_Task details_: From the line with "You Give Every" through the final line, transcribe the material below character for character; include no other lines.

_Information given_:
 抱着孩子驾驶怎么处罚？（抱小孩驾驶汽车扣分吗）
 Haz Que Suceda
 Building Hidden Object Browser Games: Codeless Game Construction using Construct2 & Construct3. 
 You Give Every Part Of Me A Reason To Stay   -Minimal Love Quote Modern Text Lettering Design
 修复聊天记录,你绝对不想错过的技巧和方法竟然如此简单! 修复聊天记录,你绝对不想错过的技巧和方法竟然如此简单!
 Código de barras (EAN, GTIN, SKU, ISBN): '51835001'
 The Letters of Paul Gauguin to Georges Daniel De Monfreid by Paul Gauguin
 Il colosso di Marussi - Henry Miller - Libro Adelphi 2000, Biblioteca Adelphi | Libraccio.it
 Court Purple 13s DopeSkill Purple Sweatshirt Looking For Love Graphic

_Expected answer_:
 You Give Every Part Of Me A Reason To Stay   -Minimal Love Quote Modern Text Lettering Design
 修复聊天记录,你绝对不想错过的技巧和方法竟然如此简单! 修复聊天记录,你绝对不想错过的技巧和方法竟然如此简单!
 Código de barras (EAN, GTIN, SKU, ISBN): '51835001'
 The Letters of Paul Gauguin to Georges Daniel De Monfreid by Paul Gauguin
 Il colosso di Marussi - Henry Miller - Libro Adelphi 2000, Biblioteca Adelphi | Libraccio.it
 Court Purple 13s DopeSkill Purple Sweatshirt Looking For Love Graphic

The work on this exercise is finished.